> [Work to be completed]:
Using the records below, quote only the span that opens with the line containing "Great Ronaldinho Football" and closes with the line containing "thumbnail image 2", exactly and inclusively.

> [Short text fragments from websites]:
┏━━

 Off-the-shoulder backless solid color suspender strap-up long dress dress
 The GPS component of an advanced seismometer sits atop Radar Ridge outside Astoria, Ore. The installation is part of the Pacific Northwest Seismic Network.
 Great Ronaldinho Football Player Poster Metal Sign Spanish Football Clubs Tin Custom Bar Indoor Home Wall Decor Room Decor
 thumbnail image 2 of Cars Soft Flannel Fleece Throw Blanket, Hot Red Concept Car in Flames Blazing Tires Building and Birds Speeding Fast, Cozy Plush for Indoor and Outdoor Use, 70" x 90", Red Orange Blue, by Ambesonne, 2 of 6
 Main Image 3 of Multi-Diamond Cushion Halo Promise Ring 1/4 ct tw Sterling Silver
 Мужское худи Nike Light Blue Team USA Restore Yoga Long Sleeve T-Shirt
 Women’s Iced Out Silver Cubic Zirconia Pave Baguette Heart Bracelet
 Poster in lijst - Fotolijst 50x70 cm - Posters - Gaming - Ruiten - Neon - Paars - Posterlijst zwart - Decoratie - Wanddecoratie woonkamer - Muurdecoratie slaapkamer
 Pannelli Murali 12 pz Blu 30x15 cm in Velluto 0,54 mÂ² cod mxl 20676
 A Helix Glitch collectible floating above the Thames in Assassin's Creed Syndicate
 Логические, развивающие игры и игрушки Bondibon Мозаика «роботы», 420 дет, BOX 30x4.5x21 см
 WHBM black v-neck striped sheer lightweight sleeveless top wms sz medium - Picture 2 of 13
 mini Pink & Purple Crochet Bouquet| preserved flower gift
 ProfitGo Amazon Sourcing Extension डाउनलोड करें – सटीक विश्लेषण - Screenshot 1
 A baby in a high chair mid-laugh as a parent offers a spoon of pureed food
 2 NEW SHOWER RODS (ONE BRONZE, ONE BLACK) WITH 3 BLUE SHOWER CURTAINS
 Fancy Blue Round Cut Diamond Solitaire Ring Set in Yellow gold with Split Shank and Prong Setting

┗━━

> [Reply]:
 Great Ronaldinho Football Player Poster Metal Sign Spanish Football Clubs Tin Custom Bar Indoor Home Wall Decor Room Decor
 thumbnail image 2 of Cars Soft Flannel Fleece Throw Blanket, Hot Red Concept Car in Flames Blazing Tires Building and Birds Speeding Fast, Cozy Plush for Indoor and Outdoor Use, 70" x 90", Red Orange Blue, by Ambesonne, 2 of 6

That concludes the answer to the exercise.